In Texas, the mood about jobs is not all that's blue

April 13, 2015
To a loyal resident, the only time Texas looks better in the rearview mirror is when oil prices have crashed.

To a loyal resident, the only time Texas looks better in the rearview mirror is when oil prices have crashed.

That's not to say the Lone Star State has lost physical charm just because the price of West Texas Intermediate crude oil loiters at half its level of a year ago.

Around Houston, spring is galloping greenward, bluebonnets are blooming, and the pride of residency that so annoys Americans forced to inhabit other states seems as strong as ever.

It's the rear view on employment that a price slump can make appealing.

With a quarter of 2015 now painful history, 2014 looks fine indeed.

Last year, reports the Federal Reserve Bank of Dallas, Texas employment grew 3.4% after increasing 2.7% in 2013. The 2014 employment number was a full percentage point above the national average.

Since returning, in late 2011, to the level of its peak before the 2008-09 recession, Texas has added 1.1 million jobs, according to an article by Keith R. Phillips and Christopher Sliijk in the Dallas Fed's quarterly Southwest Economy.
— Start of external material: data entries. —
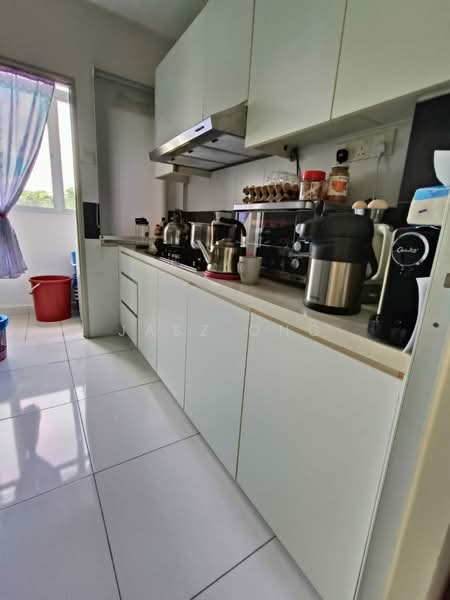 Kondominium untuk Dijual di The Twin Residences - Jasz Ong - PropertyGuru.com.my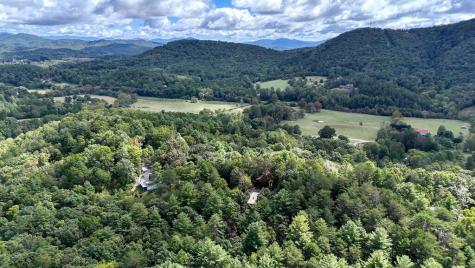 364 Brasstown Hills Road Brasstown NC 28902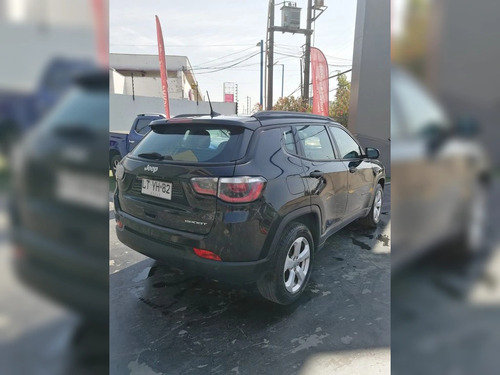 Jeep Compass 2020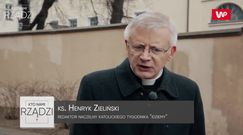 Spowiedź w XXI wieku nie musi być szczegółowa. "To nie kontrola urzędu skarbowego"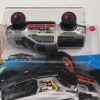 Hot wheels 2025 HW Dirt 2017 Ford F-150 Raptor Zamac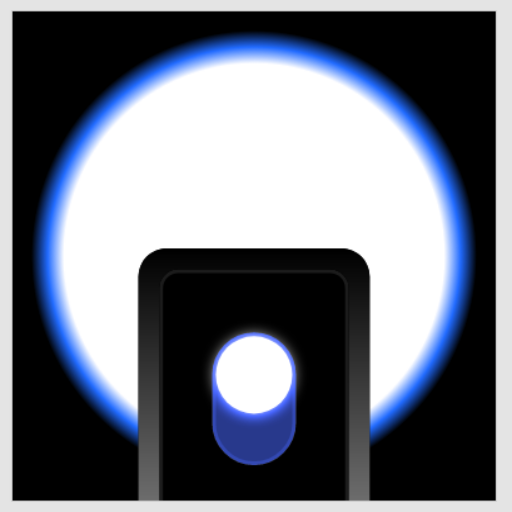 Flash signal logo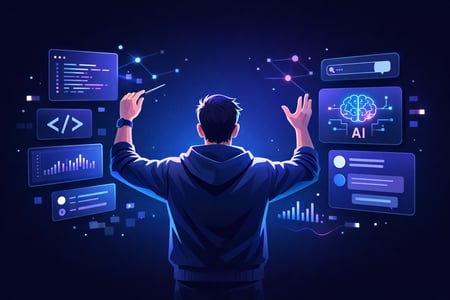 Orchestrators of AI
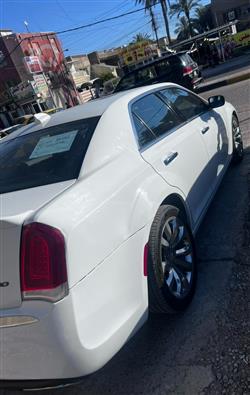 Chrysler 300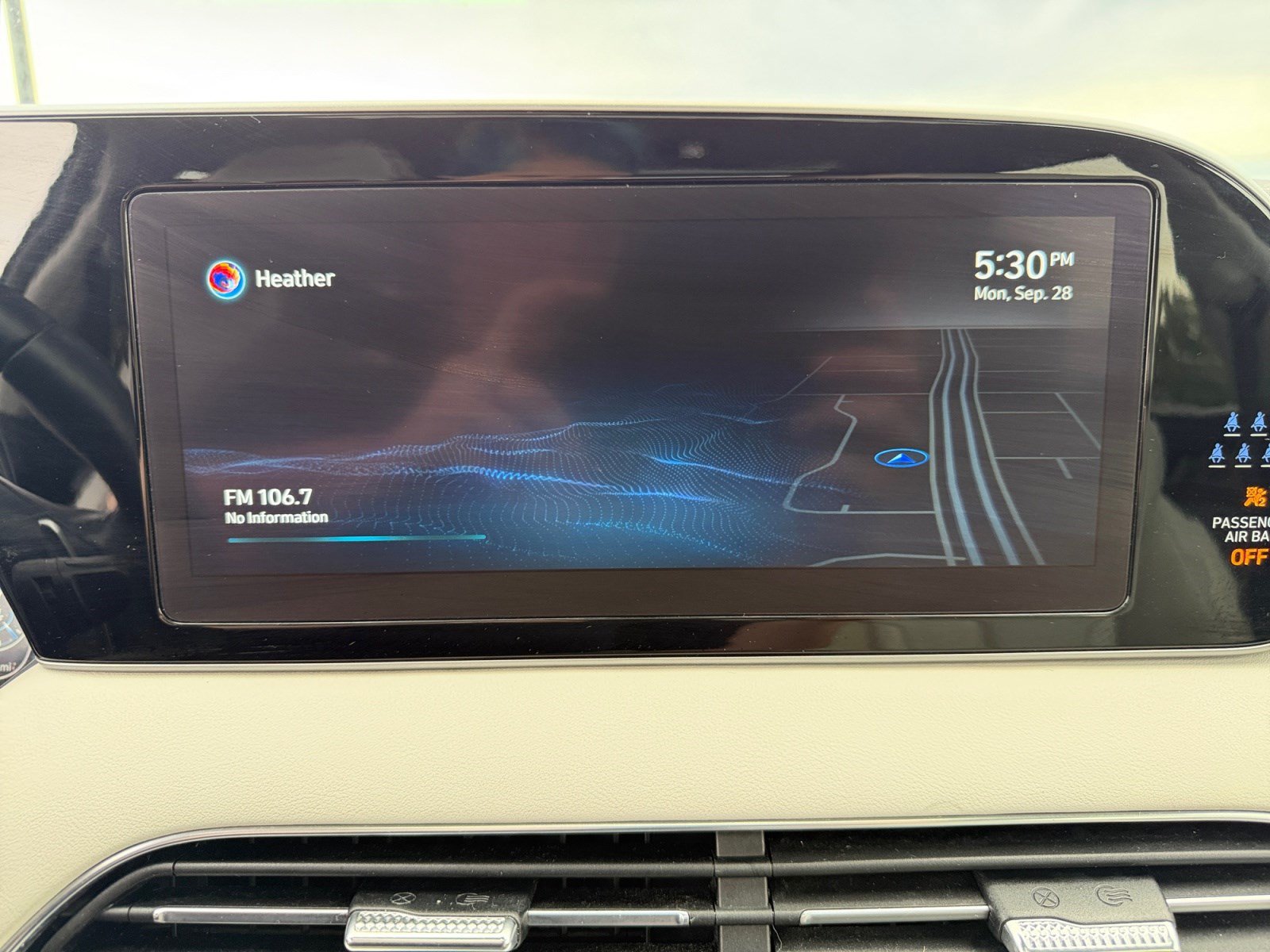 Used 2022 Hyundai Palisade Limited AWD/4WD image 12
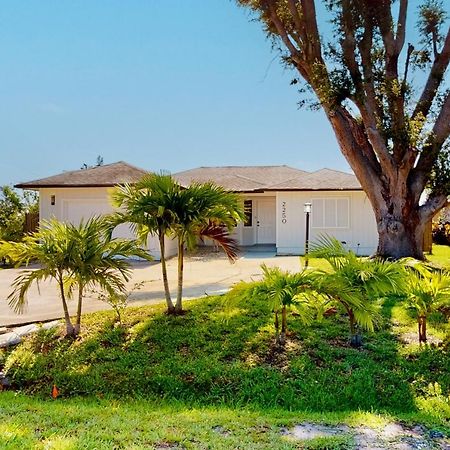 Bahama Breeze Villa Fort Myers Eksteriør billede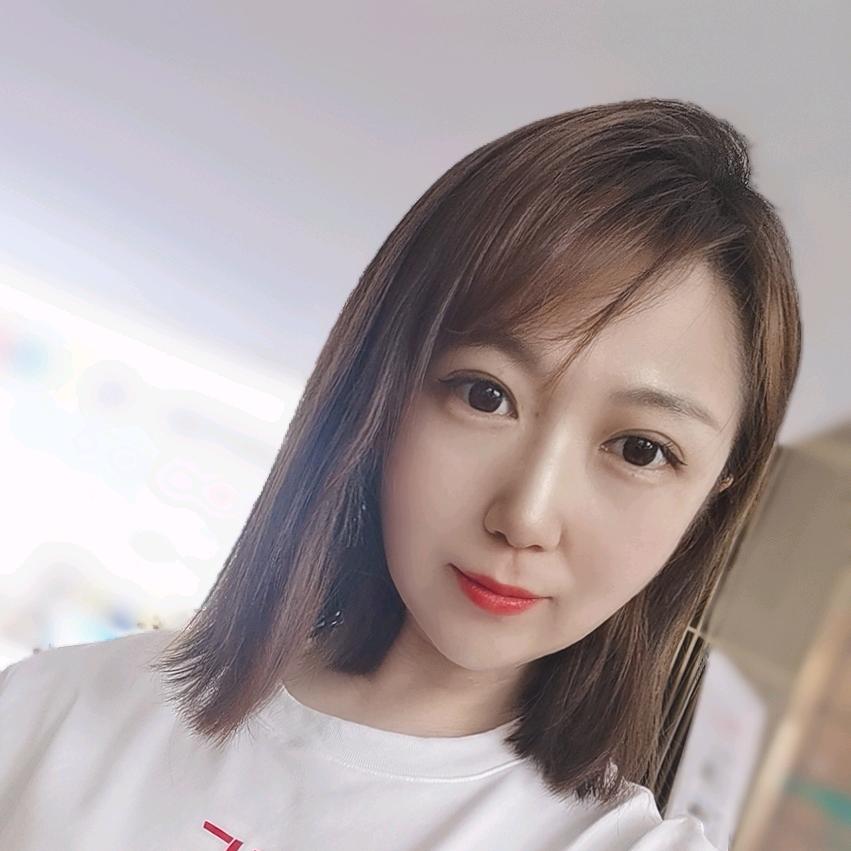 瑬欣儿（瘦20斤就换公路）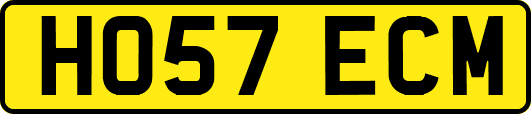 HO57ECM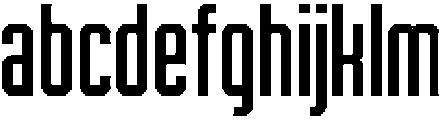 Juvenilia Inline otf (400) FONT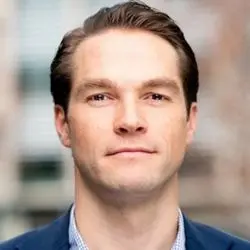 Image of the Berkeley Technology and AI Leadership Program's faculty Mathijs de Vaan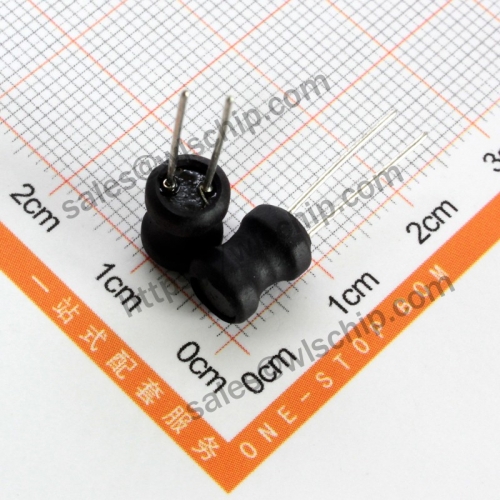 Inductance I-shaped 6 * 8mm 10uH power inductor coil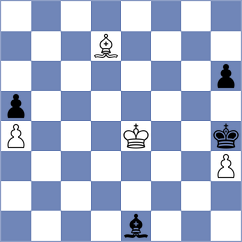 Renshaw - Barry (Lichess.org INT, 2021)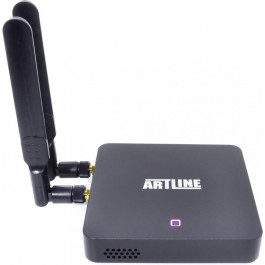   ARTLINE TvBox KM6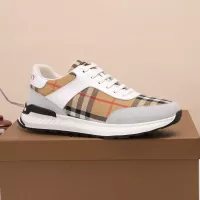 $80.00 USD Burberry Casual Shoes For Men #1288870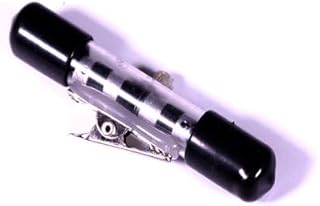 Black Magic Props,Flying, Invisible Thread Levitation Magic Trick Props Kits, Useful SmallReel Magic Tricks Accessories, Floating Prop,Magician Invisible Thread Retractor(120cm)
That's expansion of 10.2%.

The US didn't get back to its prerecession employment-growth peak until April of 2014 and at yearend was just 2.3 million jobs-1.6%-above the previous high.

Since the price plunge, of course, with the oil and gas industry shedding workers aggressively, Texas job growth has fallen to just above the national level.

The outlook isn't rosy. For the 3 months ending Jan. 31, a Dallas Fed index of leading indicators swung sharply negative. Key factors: the Texas value of the dollar, the real oil price, and well permits.

With a forecasting model that accounts for past job growth and the leading index, the Dallas Fed projects Texas job growth in 2015 of 1-2%.

There is a good chance that Texas will trail the nation in job growth for the first time in 12 years, write Phillips and Sliijk.

Maybe. But the rest of the country doesn't have bluebonnets.